Kalshi is trying to kill the “duck” argument once and for all.
- A lawyer for Kalshi argued that federal commodities law gives the Commodity Futures Trading Commission sole authority over sports event contracts, even if states view them as gambling.
- One appeals court judge compared Kalshi’s contracts to a duck that “quacks” like gambling, while Kalshi’s lawyer said Congress intentionally placed such markets under federal oversight.
- Maryland maintains sports betting is a state-regulated issue and argues federal law does not override its authority to block Kalshi’s sports prediction markets.
A lawyer for the prediction market operator said Thursday that states have been in a flap about the gambling-like appearance of futures trading for years. However, he added, the fact remains that Congress handed oversight of those contracts to a federal regulator, the Commodity Futures Trading Commission (CFTC), a long time ago and didn’t leave it up to the states.
The arguments were made before a panel of judges from the U.S. Court of Appeals for the Fourth Circuit, which is hearing Kalshi’s challenge of a lower court’s decision that sided with Maryland on whether federal commodities law preempts the state’s sports betting laws.
In one case, a federal judge in Maryland denied a preliminary injunction for Kalshi, ruling that the prediction market “has failed to show a likelihood of success on the merits of its claim that the Commodity Exchange Act preempts Maryland’s gaming laws.” pic.twitter.com/aGRg2nuiWz
— Geoff Zochodne (@GeoffZochodne) August 2, 2025
The lower-court decision leaned in the direction of "no." Then, on Thursday, one of the judges on the appeals court panel, Roger Gregory, brought ducks back into the conversation.
“If it quacks, you know, it's a duck, right?” Gregory said. “It's ... basically gambling. That's what Maryland said, ‘You are gambling.’”
“They say this quacks like a duck, it looks like gambling,” agreed William Havemann, Kalshi’s lawyer. “And I think that was driving a lot of what the district court was doing, too.”
Similar rhetoric has dogged prediction markets since they began dabbling in sports event contracts in late 2024. In short, the trading of those contracts just really looks a lot like state-regulated sports betting.
Therein lies the problem, Havemann argued. In the late 19th century, states adopted gambling laws to specifically prohibit futures trading on the grounds that it “quacks like a duck,” or that it looks like gambling.
“And the decision that Congress made in 1974, and then reaffirmed in 2010, is with respect to transactions on the designated contract markets, regardless of whether a state thinks it looks like gambling, that is the CFTC’s purview,” Havemann said. “They have a whole number of tools in their tool belt to deal with questions about, you know, is this appropriate on a DCM. But it is hands-off for states.”
Time will tell if the appeals court determines that’s enough to sideline Maryland sports betting regulators from continuing to try to clamp down on Kalshi and other prediction market operators in the state.
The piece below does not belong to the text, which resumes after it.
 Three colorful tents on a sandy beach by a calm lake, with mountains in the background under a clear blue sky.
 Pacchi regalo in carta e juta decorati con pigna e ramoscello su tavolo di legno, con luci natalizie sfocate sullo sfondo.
The Maryland Lottery and Gaming Control Commission sent a cease-and-desist letter to Kalshi in April 2025, claiming the company was offering unauthorized sports wagering in the state, which prompted a lawsuit from the prediction market operator.
Them's fighting words
That the trading of sports event contracts can resemble state-regulated sports wagering is more or less the casus belli of the growing number of legal battles between prediction markets and state gambling regulators. There are now more than a dozen states involved in some kind of prediction market-related litigation.
There are a few legal questions that states and prediction market operators are trying to get answers to in their favor. First, does federal commodities law trump state gambling rules? Also, do sports-related event contracts qualify as swaps that are governed by federal law?
How the Fourth Circuit ultimately rules on the Kalshi-Maryland spat remains to be seen. But, in Maryland’s eyes, there’s no federal commodities law that is meant to soar above the state's sports wagering law.
“Sports wagering is an area of core, historic state police powers, and it requires clear and manifest Congressional intent to preempt,” Maryland Assistant Attorney General Max Brauer said during Thursday’s hearing. “But Congress had no intent to preempt state sports wagering laws when it passed (the Dodd-Frank Act) to address the 2008 financial crisis, in part, by adding swaps to the Commodity Exchange Act. Therefore, the Commodity Exchange Act does not preempt Maryland's sports wagering act.”